A eventual indicação de um evangélico para o Supremo Tribunal Federal (STF) pelo presidente Jair Bolsonaro (PSL) é um aceno à bancada evangélica no Congresso, que vem pleiteando a presença na Corte há algum tempo.
Na última sexta-feira, 31 de maio, o presidente questionou se não seria hora de o STF ter um evangélico como parte do time de onze ministros. A declaração, durante um evento da Assembleia de Deus Madureira, em Goiânia (GO), pode ser entendida como um aceno de Bolsonaro à bancada evangélica, que se dividiu na votação que retirou o COAF do Ministério da Justiça.

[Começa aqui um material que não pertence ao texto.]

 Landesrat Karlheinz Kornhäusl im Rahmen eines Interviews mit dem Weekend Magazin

Um dos principais fomentadores da ideia de ter um evangélico no STF é o deputado João Campos (PRB-GO), que já foi presidente da Frente Parlamentar Evangélica – nome oficial do grupo de deputados e senadores – e continua como um dos principais articuladores internos.

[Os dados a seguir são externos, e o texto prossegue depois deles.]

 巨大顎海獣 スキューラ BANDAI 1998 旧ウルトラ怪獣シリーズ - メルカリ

Campos, assim como outros parlamentares (incluindo não-evangélicos) não gosta da postura da Corte sobre temas polêmicos: “Infelizmente, há precedentes do STF de invadir competências do Legislativo e legislar em nosso lugar”, criticou, em fevereiro deste ano, às vésperas do início do julgamento das ações que pedem a criminalização da homofobia.
“Os evangélicos não consideram o pedido um devaneio: eles correspondem a quase um quinto da Câmara — com 85 deputados —, onde são bem mais fortes do que no Senado, em que têm apenas seis senadores. Com integrantes de quase todos os partidos, a Frente Evangélica é um grupo heterogêneo também na origem de suas fés, com parlamentares de 20 denominações diferentes. A maioria é da Assembleia de Deus (26 deputados), Universal do Reino de Deus (17) e Batista (10)”, contextualizou o jornalista Guilherme Amado, em sua coluna no site da revista Época.
Ciente dessa pretensão e com reformas estruturais para aprovar, Bolsonaro agiu para afagar os aliados evangélicos, assim como a motivar os fiéis – essenciais para sua eleição em outubro do ano passado – a apoiarem as medidas que o governo precisa para que o país retome o crescimento e implemente ações para a redução da criminalidade, uma das bandeiras de campanha do presidente.
No STF, um representante evangélico seria mais uma voz na luta contra a legalização do aborto, que vem debatendo o assunto no julgamento da ADPF 442 (Arguição de Descumprimento de Preceito Fundamental), apresentada pelo PSOL.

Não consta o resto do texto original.